| WHAT TO PRODUCE |
Below is a block of entries; repeat exactly the lines starting at the line that contains "SPANX Active Shorts" and ending at the line that contains "Product image 2", both included.

| MATERIAL FOR THE TASK |
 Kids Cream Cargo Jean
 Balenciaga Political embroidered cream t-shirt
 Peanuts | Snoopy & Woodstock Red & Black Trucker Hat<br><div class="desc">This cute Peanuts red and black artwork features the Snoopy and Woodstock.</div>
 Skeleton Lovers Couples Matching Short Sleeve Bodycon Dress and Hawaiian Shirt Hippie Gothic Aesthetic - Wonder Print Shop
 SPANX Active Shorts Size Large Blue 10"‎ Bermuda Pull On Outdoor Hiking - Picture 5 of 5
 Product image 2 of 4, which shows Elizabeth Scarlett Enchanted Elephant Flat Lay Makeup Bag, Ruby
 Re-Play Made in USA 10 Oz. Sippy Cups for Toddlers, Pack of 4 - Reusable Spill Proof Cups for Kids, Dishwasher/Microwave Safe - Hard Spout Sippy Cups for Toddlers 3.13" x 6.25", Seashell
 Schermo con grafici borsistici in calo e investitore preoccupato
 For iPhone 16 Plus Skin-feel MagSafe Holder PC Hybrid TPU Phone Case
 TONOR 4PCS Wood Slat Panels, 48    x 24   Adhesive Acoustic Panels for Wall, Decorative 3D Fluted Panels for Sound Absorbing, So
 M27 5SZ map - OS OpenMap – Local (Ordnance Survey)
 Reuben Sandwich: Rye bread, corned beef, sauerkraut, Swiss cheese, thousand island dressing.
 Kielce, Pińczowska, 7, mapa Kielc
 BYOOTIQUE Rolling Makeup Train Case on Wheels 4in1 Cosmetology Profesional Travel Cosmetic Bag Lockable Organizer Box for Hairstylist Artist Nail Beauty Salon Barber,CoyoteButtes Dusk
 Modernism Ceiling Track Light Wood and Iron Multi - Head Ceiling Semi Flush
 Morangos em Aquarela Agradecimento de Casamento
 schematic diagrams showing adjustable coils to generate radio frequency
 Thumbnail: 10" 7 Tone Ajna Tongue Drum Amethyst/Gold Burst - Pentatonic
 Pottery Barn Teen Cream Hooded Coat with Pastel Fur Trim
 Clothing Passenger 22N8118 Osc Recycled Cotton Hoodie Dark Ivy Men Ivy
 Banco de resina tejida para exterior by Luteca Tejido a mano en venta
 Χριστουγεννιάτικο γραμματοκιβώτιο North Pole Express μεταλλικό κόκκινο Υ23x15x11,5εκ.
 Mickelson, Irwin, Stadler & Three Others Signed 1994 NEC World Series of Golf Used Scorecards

| RESULT OF THE EXERCISE |
 SPANX Active Shorts Size Large Blue 10"‎ Bermuda Pull On Outdoor Hiking - Picture 5 of 5
 Product image 2 of 4, which shows Elizabeth Scarlett Enchanted Elephant Flat Lay Makeup Bag, Ruby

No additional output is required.